To carry the already superlative a step higher, Paul also implies, “When Onesimus comes to your door, don’t look at him. Look at me. Don’t think of him as your renegade slave worthy to be punished—perhaps even by death. Think of me and what I have done for you.”
It is but an imperfect illustration of what Jesus has done for sinners. But, thank God, Jesus is our Mediator, our High Priest. He appeals to His heavenly Father to welcome the penitent sinner as God would welcome Him. “Thou. … hast loved them, as thou hast loved me” (John 17:23).
"Of course, that man—Pierson, Brown, Smith, or Jones—is a sinner,” the Saviour, as my Advocate declares to the watching universe. “He doesn’t deserve to be saved, but the gospel has done something for him. He has confessed his sins, has accepted my death as substitute for his. His faith is strong. Receive him.” In a sense Christ is saying,
“If he hath wronged thee, … put that on my account.” “If he oweth thee ought, … I will repay” Philemon 1:18, 19).
Our dependence is not what man can do; it is what God can do for man through Christ. … Thank God we are not dealing with impossibilities. We may claim sanctification. We may enjoy the favor of God. We are not to be anxious about what Christ and God think of us, but about what God thinks of Christ, our substitute” E.G. White, in General Conference Bulletin, April 23, 1901).
When we seek to be right with God, we need not worry about how he views us. If we come to God as penitent, Jesus accepts our guilt and stands before the Father in our stead.

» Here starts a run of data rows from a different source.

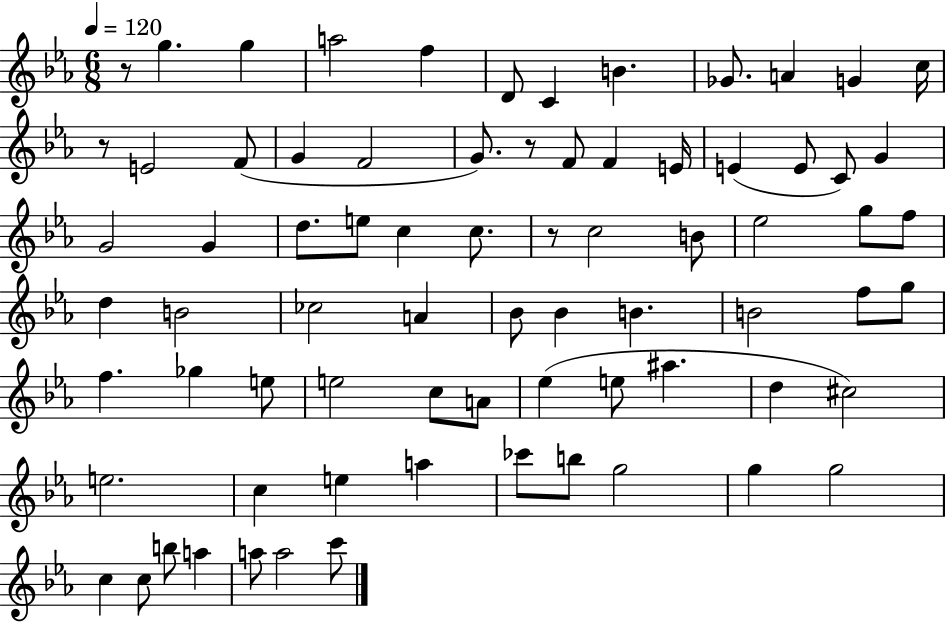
{
  \clef treble
  \numericTimeSignature
  \time 6/8
  \key ees \major
  \tempo 4 = 120
  r8 g''4. g''4 | a''2 f''4 | d'8 c'4 b'4. | ges'8. a'4 g'4 c''16 | \break r8 e'2 f'8( | g'4 f'2 | g'8.) r8 f'8 f'4 e'16 | e'4( e'8 c'8) g'4 | \break g'2 g'4 | d''8. e''8 c''4 c''8. | r8 c''2 b'8 | ees''2 g''8 f''8 | \break d''4 b'2 | ces''2 a'4 | bes'8 bes'4 b'4. | b'2 f''8 g''8 | \break f''4. ges''4 e''8 | e''2 c''8 a'8 | ees''4( e''8 ais''4. | d''4 cis''2) | \break e''2. | c''4 e''4 a''4 | ces'''8 b''8 g''2 | g''4 g''2 | \break c''4 c''8 b''8 a''4 | a''8 a''2 c'''8 | \bar "|."
}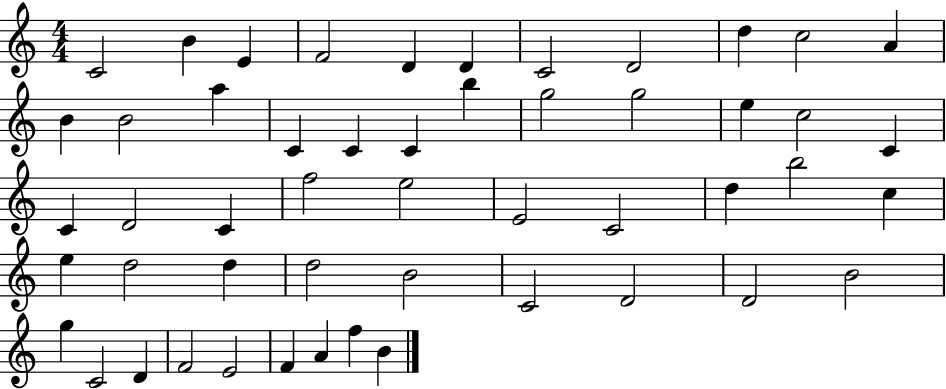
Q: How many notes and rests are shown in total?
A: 51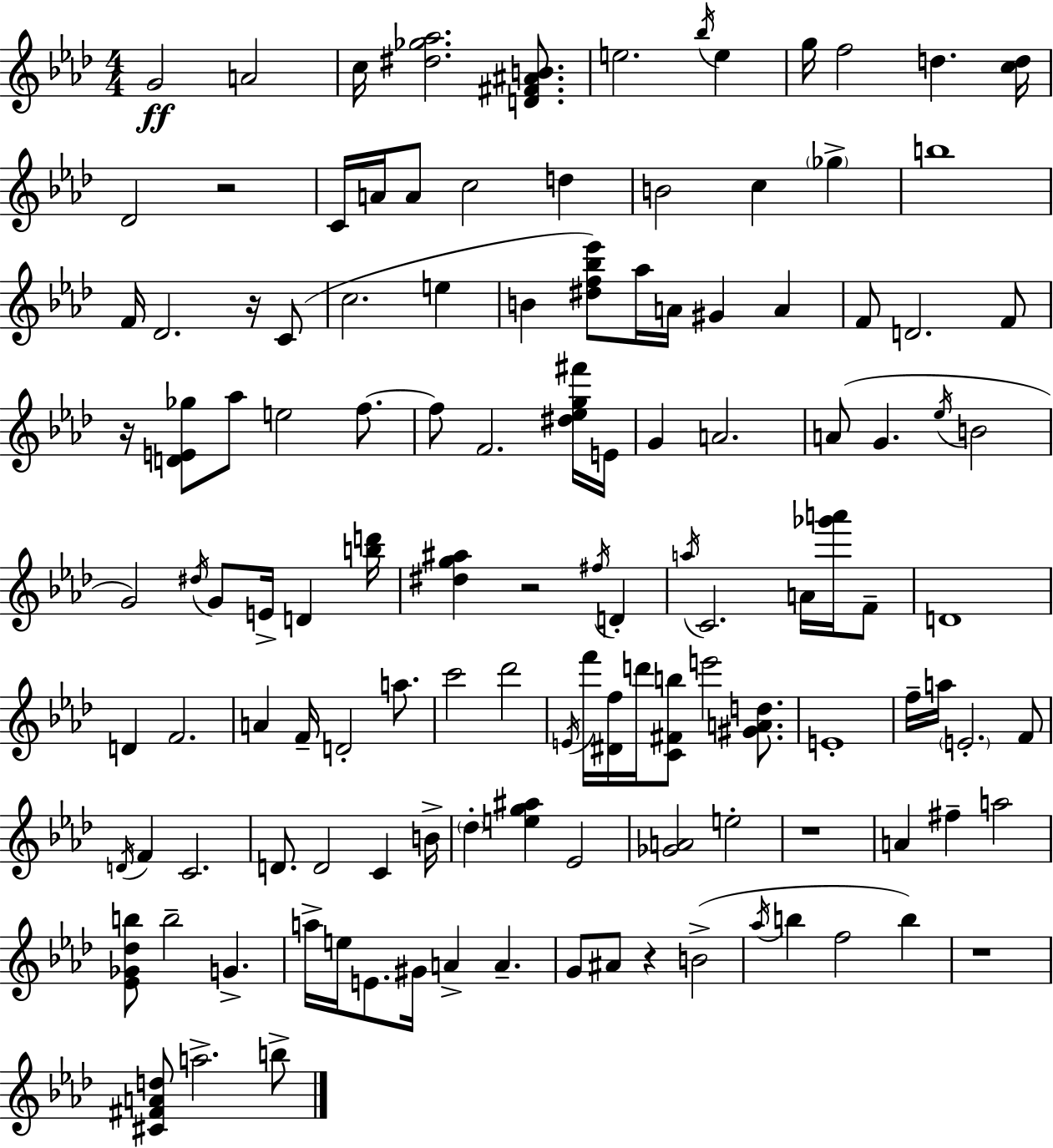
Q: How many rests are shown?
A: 7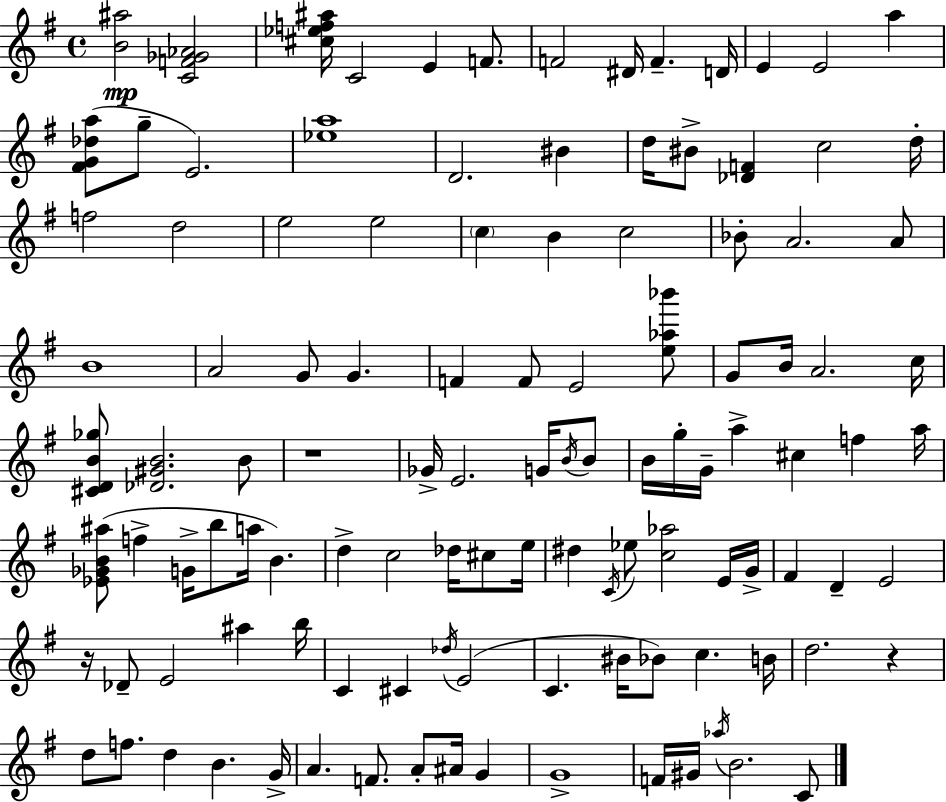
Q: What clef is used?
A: treble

There is no question regarding God’s infinite love for His Son or His acceptance of the penitent who approaches Him through Jesus. “Receive him, welcome him, as you would receive Me and welcome Me,” Jesus says.
Our Saviour “is able. …to save to the uttermost” (Heb. 7:25). The Philemon letter makes this clear. Onesimus had defrauded and deserted his master, left his home and family, and broken God’s law and Roman law. He deserved punishment. On his own, he could never have made things right with Philemon. Possessing no means to make restitution, he could never have paid the debt he owed. He must have help. And help was gloriously and amply provided. This is the good news of the Philemon story.
It matters not what heinous deeds you or I may have committed. We cannot atone for our misdeeds. Alone we are helpless before God. But, praise the Lord, we are not alone. “If any man sin, we have an advocate with the Father, Jesus Christ the righteous” (1 John 2:1). He assumes the awful debt. “Put that on my account," He says to the Father, “I will repay. Receive him.”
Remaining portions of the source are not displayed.